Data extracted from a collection
********

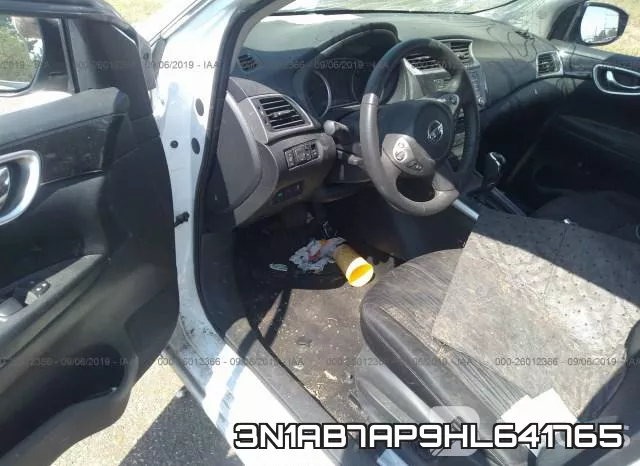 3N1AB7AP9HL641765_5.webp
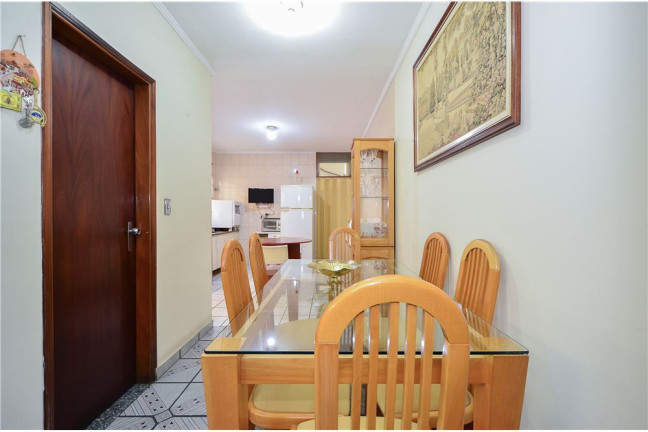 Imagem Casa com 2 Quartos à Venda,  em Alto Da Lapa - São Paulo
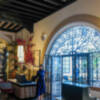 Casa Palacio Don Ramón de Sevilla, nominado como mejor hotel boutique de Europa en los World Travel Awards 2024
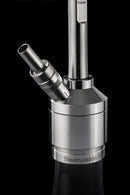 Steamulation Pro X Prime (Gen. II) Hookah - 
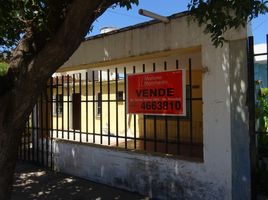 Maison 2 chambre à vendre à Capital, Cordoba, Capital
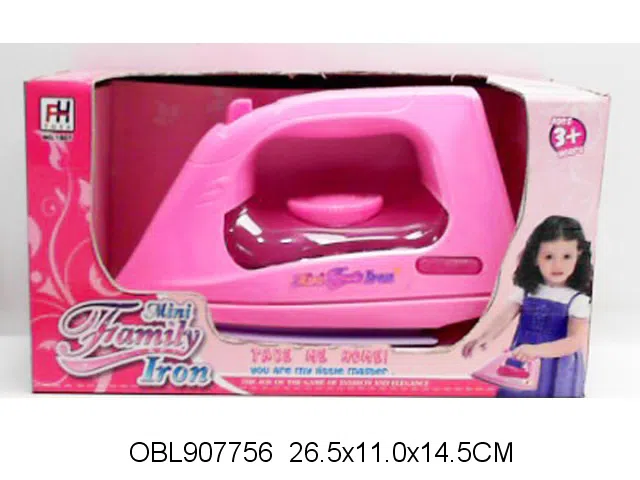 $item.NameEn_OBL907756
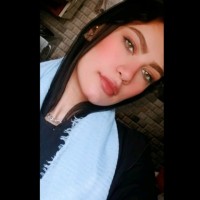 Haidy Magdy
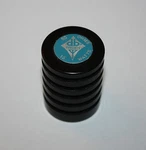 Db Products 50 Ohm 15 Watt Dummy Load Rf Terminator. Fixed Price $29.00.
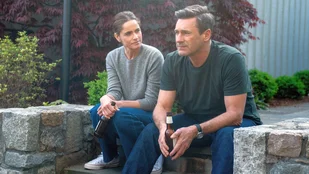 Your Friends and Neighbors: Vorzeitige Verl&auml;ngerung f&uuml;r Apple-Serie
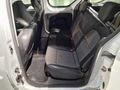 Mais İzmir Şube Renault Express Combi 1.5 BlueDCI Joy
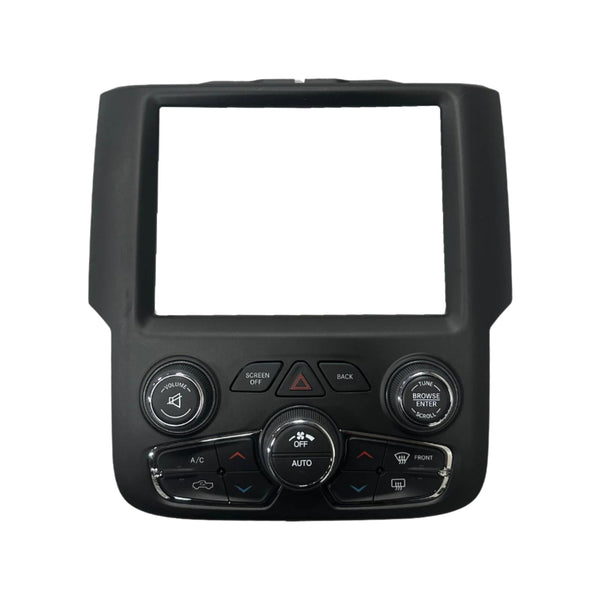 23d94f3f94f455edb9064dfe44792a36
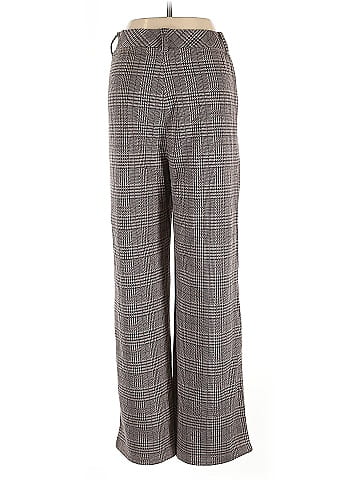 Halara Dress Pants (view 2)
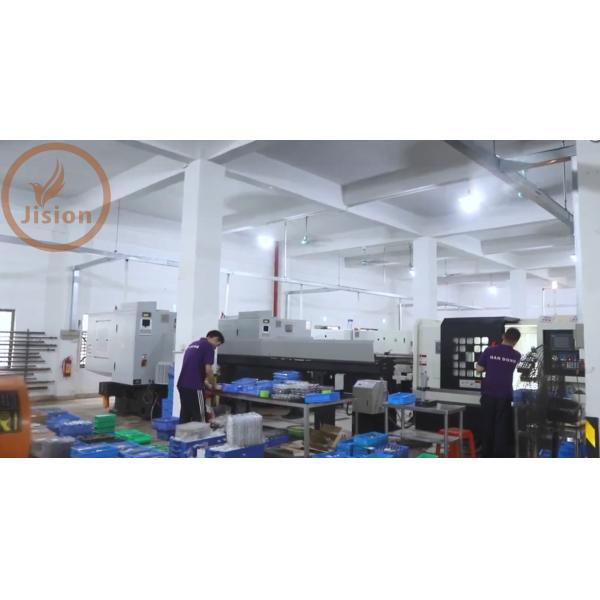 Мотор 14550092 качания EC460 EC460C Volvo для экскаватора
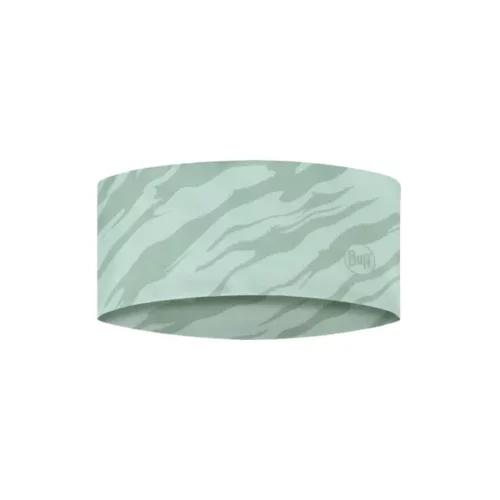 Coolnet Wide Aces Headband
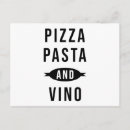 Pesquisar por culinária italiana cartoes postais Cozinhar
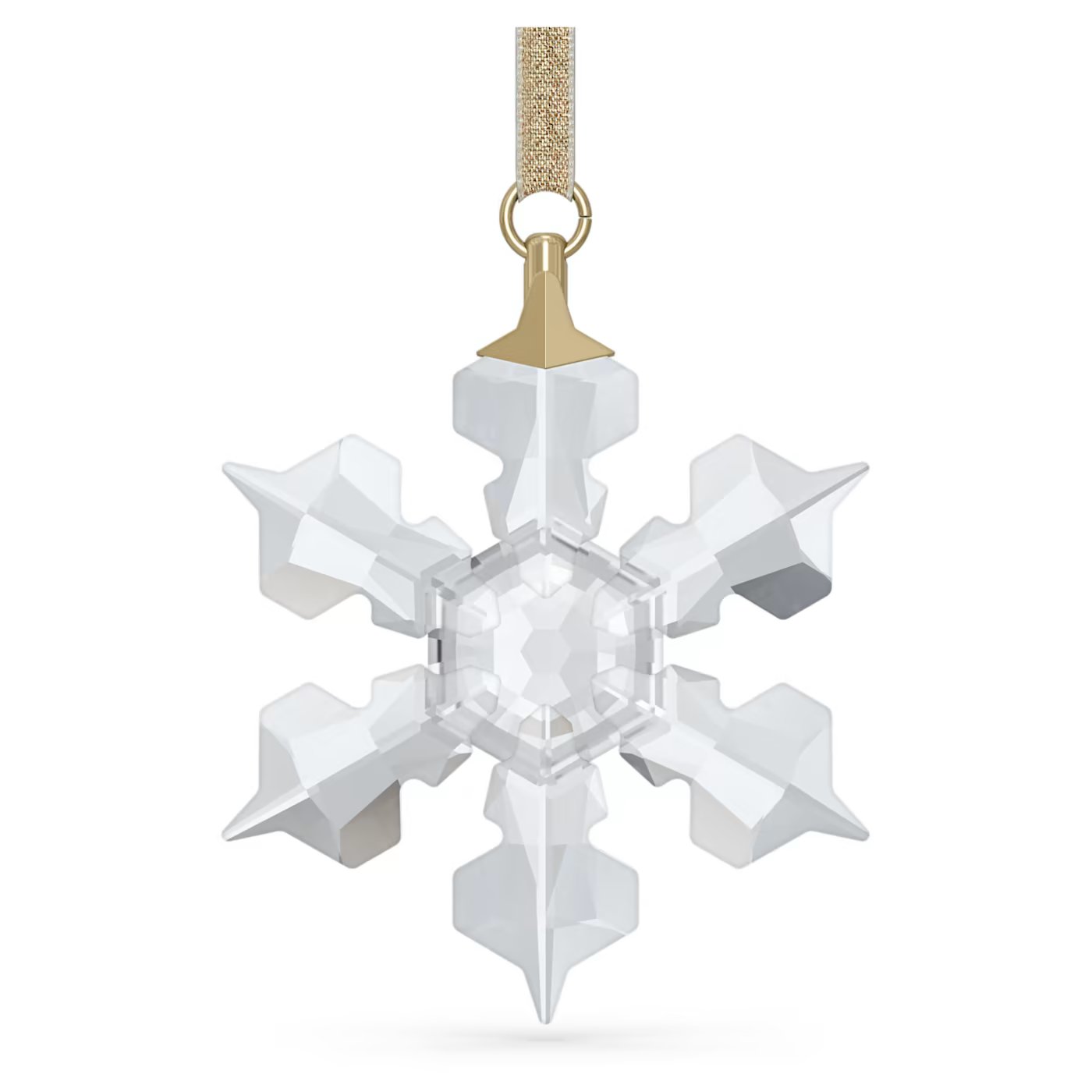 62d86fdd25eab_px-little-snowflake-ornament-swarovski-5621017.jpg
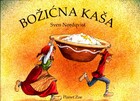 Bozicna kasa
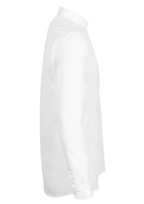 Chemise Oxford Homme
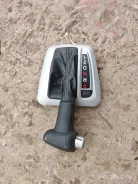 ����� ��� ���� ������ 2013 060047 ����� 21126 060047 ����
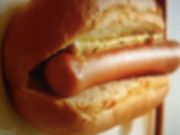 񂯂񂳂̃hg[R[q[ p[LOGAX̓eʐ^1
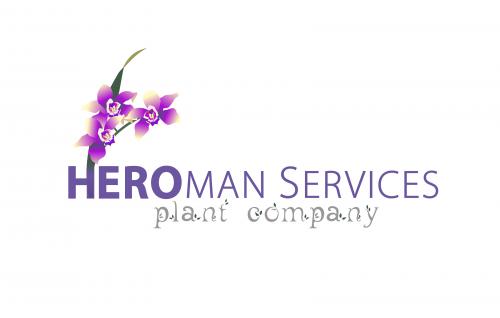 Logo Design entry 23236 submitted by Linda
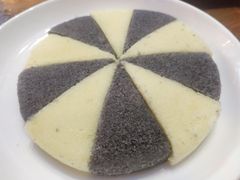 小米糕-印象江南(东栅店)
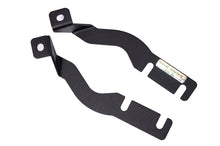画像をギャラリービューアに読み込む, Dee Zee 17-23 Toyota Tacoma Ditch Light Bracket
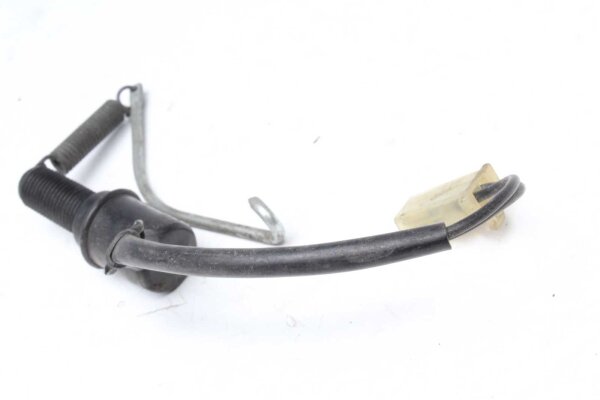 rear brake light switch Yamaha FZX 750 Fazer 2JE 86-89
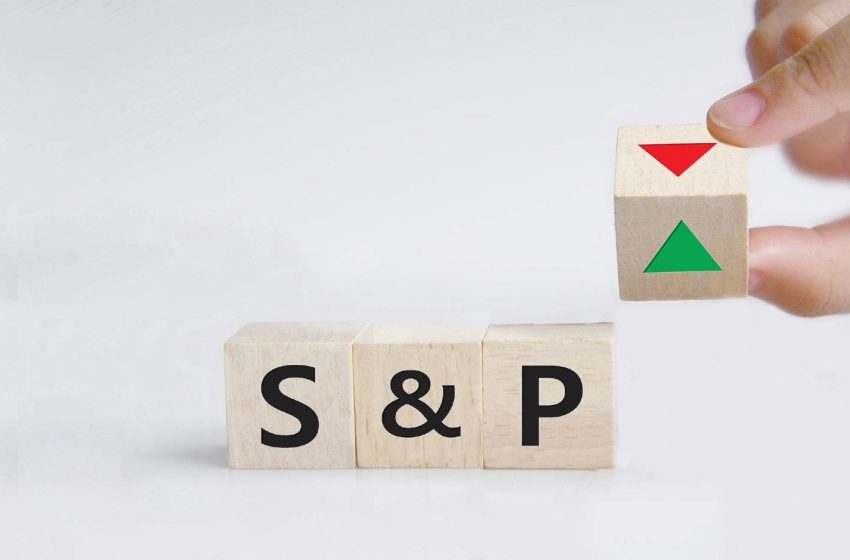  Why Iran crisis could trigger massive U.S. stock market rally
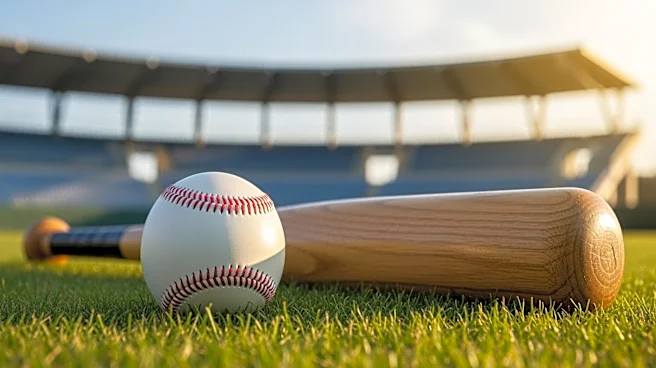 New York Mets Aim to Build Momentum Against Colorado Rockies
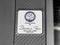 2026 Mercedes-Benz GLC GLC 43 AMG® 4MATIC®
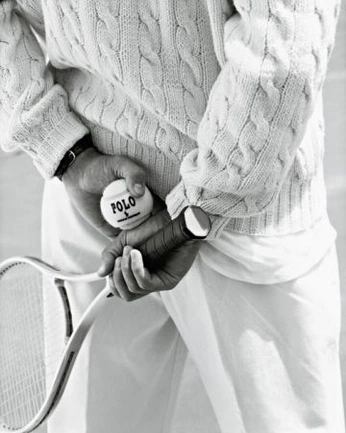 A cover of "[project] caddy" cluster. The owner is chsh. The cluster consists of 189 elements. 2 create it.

********

TASK BRIEF » Please set down, exactly and with no pictures, the lines in the entries above starting at the one holding "Your Friends and" and ending at the one holding "Coolnet Wide Aces Headband", ends included.

WRITTEN ANSWER »
 Your Friends and Neighbors: Vorzeitige Verl&auml;ngerung f&uuml;r Apple-Serie
 Mais İzmir Şube Renault Express Combi 1.5 BlueDCI Joy
 23d94f3f94f455edb9064dfe44792a36
 Halara Dress Pants (view 2)
 Мотор 14550092 качания EC460 EC460C Volvo для экскаватора
 Coolnet Wide Aces Headband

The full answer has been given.